= Task item =
When you copy from the entries that follow, take only the lines from the one with "Черная кожаная куртка оверсайз - 4" down to the one with "Глава государства исполнил", keeping both ends and dropping every picture.

= Information provided =
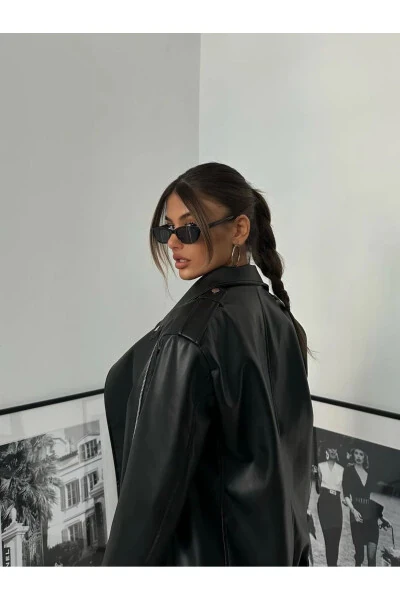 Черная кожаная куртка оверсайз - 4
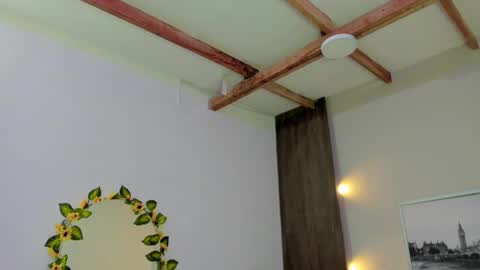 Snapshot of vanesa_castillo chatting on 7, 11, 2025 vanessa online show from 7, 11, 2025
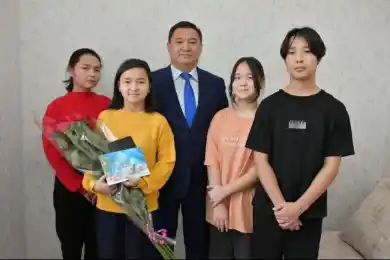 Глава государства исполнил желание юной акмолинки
* * *
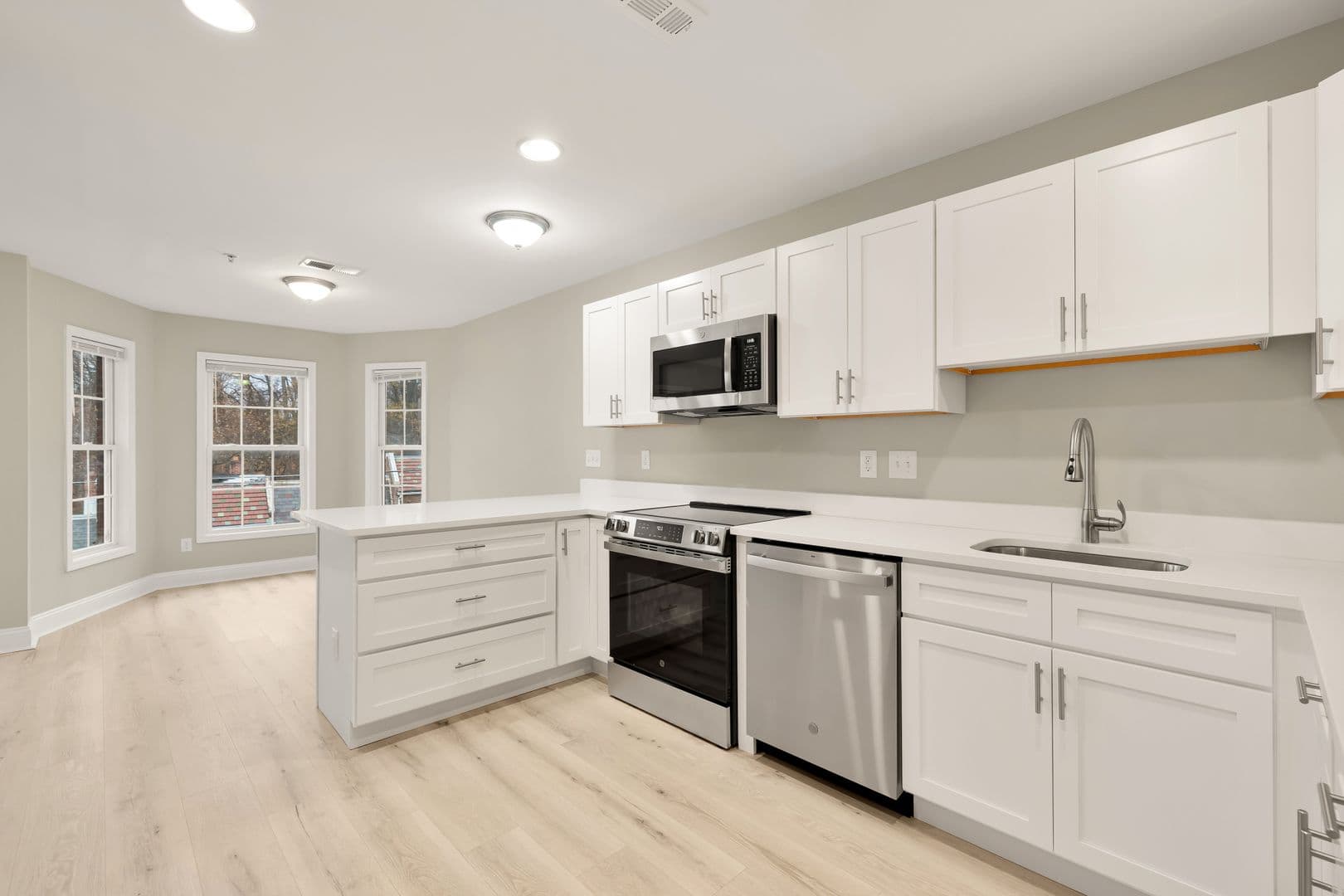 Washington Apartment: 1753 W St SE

= Solution =
 Черная кожаная куртка оверсайз - 4
 Snapshot of vanesa_castillo chatting on 7, 11, 2025 vanessa online show from 7, 11, 2025
 Глава государства исполнил желание юной акмолинки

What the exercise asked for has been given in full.